The variation in seasonal contribution to EC displayed by PMF was similar with the ¹⁴C results, except for three days when the non-fossil source contribution to EC in PMF results were slightly lower than ¹⁴C results. For OC, the difference between PMF and ¹⁴C results was more significant than EC. It might be attributed to the sources of OC being more complex than EC. EC is generated directly from the incomplete combustion of fossil fuel and biomass, and often used as a primary emission source tracer [16]. However, OC cannot only be emitted from primary sources (primary organic carbon) but can also be generated by the oxidation reaction of gas-phase compounds in the atmosphere (secondary organic carbon, SOC).

Source apportionment assessment after assignment of secondary aerosols: To accurately compare the difference in the contribution of non-fossil sources to OC between PMF and ¹⁴C results, OC in secondary aerosol sources was also subdivided into three sources (coal combustion, traffic emission and biogenic source).
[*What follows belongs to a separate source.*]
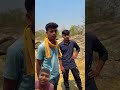 #comedy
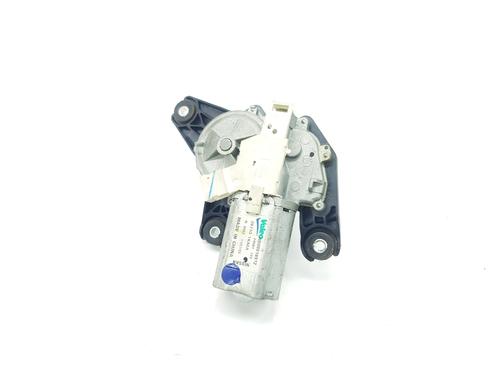 Rear wiper motor NISSAN JUKE (F15) 1.5 dCi | BP10329649M102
After secondary aerosols were subdivided, the contributions of the three sources to OC in PMF results were calculated according to Equations (2) and (3). Then, the contribution of non-fossil sources to OC inferred from ¹⁴C measurements were compared with PMF results again as shown in Figure 7.
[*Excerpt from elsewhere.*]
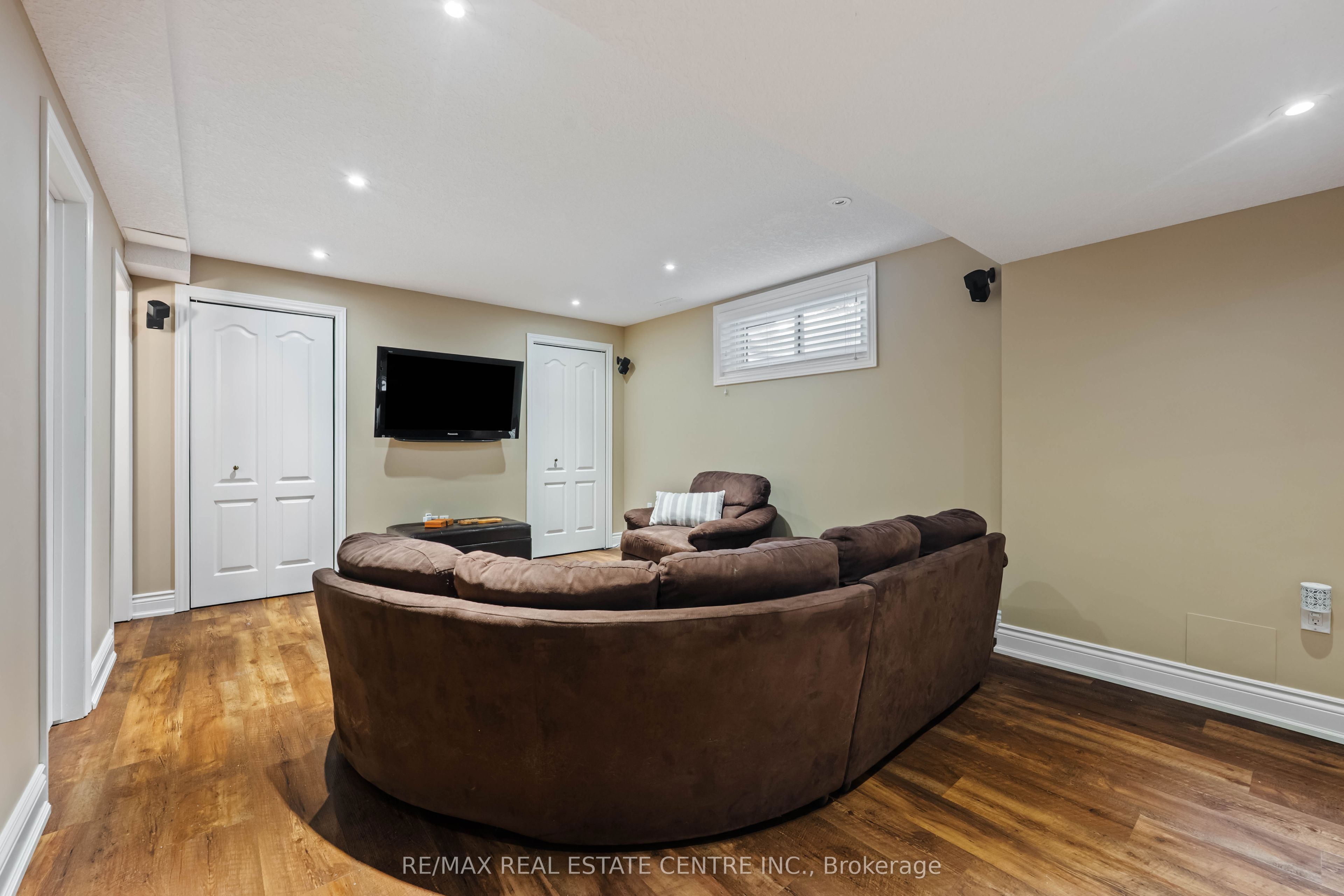 119 Oak Ridge Drive Property Photo 36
After secondary aerosol sources were assigned, the gap of non-fossil source contribution to OC between PMF and ¹⁴C results narrowed. However, the non-fossil source contribution to OC in PMF results was still lower than ¹⁴C results. The significant contribution of biogenic secondary organic aerosol (BSOA) to non-fossil source organic aerosol has been suggested by previous studies. In 2017, Zhang et al. [65] indicated that non-fossil sources (such as biogenic SOC and biomass burning) were dominant contributors of OC in Beijing. In 2019, Miyakawa et al. [66] found that the contributions of non-fossil sources except biomass burning, which may have originated from natural sources including terrestrial and oceanic biogenic sources, to OC were substantial in the Asian outflow region. However, the formation of BSOA might be influenced by anthropogenic sources [67]. In 2014, Matsui et al. [67] found the formation of BSOA was enhanced by anthropogenic NOx, VOCs and primary organic aerosol (POA) because they increased the oxidation rates of VOCs, the concentrations of precursor VOCs and the gas–particle partitioning ratios of organic compounds. The great majority of BSOA (78%) was formed through the influence of anthropogenic sources over East Asia [67]. In 2007, Weber et al. [68] reported that the WSOC contained 70–80% of modern carbon in Atlanta. Nevertheless, the WSOC showed a spatial correlation with tracers of vehicle emission, which suggested that precursors of anthropogenic emissions were the key to control the generation of organic aerosol. In this study, the non-fossil source contribution to OC in PMF results was lower than ¹⁴C measurements. This might because OC generated by the reaction between Biogenic VOCs and precursors released from fossil fuels was attributed to fossil sources.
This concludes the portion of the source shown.